[DATA EXCERPTS — start]

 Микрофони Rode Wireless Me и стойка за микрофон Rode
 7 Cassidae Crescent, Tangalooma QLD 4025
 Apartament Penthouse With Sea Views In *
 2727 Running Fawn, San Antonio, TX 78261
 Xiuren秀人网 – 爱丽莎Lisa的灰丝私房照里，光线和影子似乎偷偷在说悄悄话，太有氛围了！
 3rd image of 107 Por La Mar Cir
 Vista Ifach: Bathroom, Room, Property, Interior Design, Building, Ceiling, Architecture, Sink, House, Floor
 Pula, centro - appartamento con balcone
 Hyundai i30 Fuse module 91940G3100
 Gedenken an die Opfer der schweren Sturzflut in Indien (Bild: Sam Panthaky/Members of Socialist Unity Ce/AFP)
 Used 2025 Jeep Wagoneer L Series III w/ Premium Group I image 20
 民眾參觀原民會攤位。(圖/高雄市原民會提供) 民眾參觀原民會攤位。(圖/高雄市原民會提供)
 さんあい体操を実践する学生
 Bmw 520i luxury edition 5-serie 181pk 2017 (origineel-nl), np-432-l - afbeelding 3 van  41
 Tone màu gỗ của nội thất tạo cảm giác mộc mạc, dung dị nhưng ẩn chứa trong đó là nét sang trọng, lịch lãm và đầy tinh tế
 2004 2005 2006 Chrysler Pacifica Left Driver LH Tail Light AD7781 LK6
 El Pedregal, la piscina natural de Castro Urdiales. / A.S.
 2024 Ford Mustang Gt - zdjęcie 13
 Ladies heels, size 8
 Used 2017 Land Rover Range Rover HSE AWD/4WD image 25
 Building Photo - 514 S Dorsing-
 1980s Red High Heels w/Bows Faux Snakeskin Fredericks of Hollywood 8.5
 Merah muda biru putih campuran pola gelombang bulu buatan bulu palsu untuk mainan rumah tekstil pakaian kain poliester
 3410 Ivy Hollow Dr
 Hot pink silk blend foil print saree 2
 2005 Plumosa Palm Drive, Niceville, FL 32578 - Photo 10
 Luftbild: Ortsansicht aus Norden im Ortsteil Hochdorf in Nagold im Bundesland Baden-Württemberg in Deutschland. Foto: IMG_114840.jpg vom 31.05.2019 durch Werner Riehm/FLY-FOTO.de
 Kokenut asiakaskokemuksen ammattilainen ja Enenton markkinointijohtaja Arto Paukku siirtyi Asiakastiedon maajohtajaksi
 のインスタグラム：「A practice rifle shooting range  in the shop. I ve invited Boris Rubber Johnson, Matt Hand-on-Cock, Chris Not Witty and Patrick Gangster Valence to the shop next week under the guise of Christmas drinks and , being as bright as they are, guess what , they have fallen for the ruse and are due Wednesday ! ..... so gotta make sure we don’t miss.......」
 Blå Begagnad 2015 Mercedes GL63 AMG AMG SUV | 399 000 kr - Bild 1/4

[DATA EXCERPTS — finish]

**EXERCISE GOAL**
Transcribe all the material exactly.

**EXERCISE RESULT**
 Микрофони Rode Wireless Me и стойка за микрофон Rode
 7 Cassidae Crescent, Tangalooma QLD 4025
 Apartament Penthouse With Sea Views In *
 2727 Running Fawn, San Antonio, TX 78261
 Xiuren秀人网 – 爱丽莎Lisa的灰丝私房照里，光线和影子似乎偷偷在说悄悄话，太有氛围了！
 3rd image of 107 Por La Mar Cir
 Vista Ifach: Bathroom, Room, Property, Interior Design, Building, Ceiling, Architecture, Sink, House, Floor
 Pula, centro - appartamento con balcone
 Hyundai i30 Fuse module 91940G3100
 Gedenken an die Opfer der schweren Sturzflut in Indien (Bild: Sam Panthaky/Members of Socialist Unity Ce/AFP)
 Used 2025 Jeep Wagoneer L Series III w/ Premium Group I image 20
 民眾參觀原民會攤位。(圖/高雄市原民會提供) 民眾參觀原民會攤位。(圖/高雄市原民會提供)
 さんあい体操を実践する学生
 Bmw 520i luxury edition 5-serie 181pk 2017 (origineel-nl), np-432-l - afbeelding 3 van  41
 Tone màu gỗ của nội thất tạo cảm giác mộc mạc, dung dị nhưng ẩn chứa trong đó là nét sang trọng, lịch lãm và đầy tinh tế
 2004 2005 2006 Chrysler Pacifica Left Driver LH Tail Light AD7781 LK6
 El Pedregal, la piscina natural de Castro Urdiales. / A.S.
 2024 Ford Mustang Gt - zdjęcie 13
 Ladies heels, size 8
 Used 2017 Land Rover Range Rover HSE AWD/4WD image 25
 Building Photo - 514 S Dorsing-
 1980s Red High Heels w/Bows Faux Snakeskin Fredericks of Hollywood 8.5
 Merah muda biru putih campuran pola gelombang bulu buatan bulu palsu untuk mainan rumah tekstil pakaian kain poliester
 3410 Ivy Hollow Dr
 Hot pink silk blend foil print saree 2
 2005 Plumosa Palm Drive, Niceville, FL 32578 - Photo 10
 Luftbild: Ortsansicht aus Norden im Ortsteil Hochdorf in Nagold im Bundesland Baden-Württemberg in Deutschland. Foto: IMG_114840.jpg vom 31.05.2019 durch Werner Riehm/FLY-FOTO.de
 Kokenut asiakaskokemuksen ammattilainen ja Enenton markkinointijohtaja Arto Paukku siirtyi Asiakastiedon maajohtajaksi
 のインスタグラム：「A practice rifle shooting range  in the shop. I ve invited Boris Rubber Johnson, Matt Hand-on-Cock, Chris Not Witty and Patrick Gangster Valence to the shop next week under the guise of Christmas drinks and , being as bright as they are, guess what , they have fallen for the ruse and are due Wednesday ! ..... so gotta make sure we don’t miss.......」
 Blå Begagnad 2015 Mercedes GL63 AMG AMG SUV | 399 000 kr - Bild 1/4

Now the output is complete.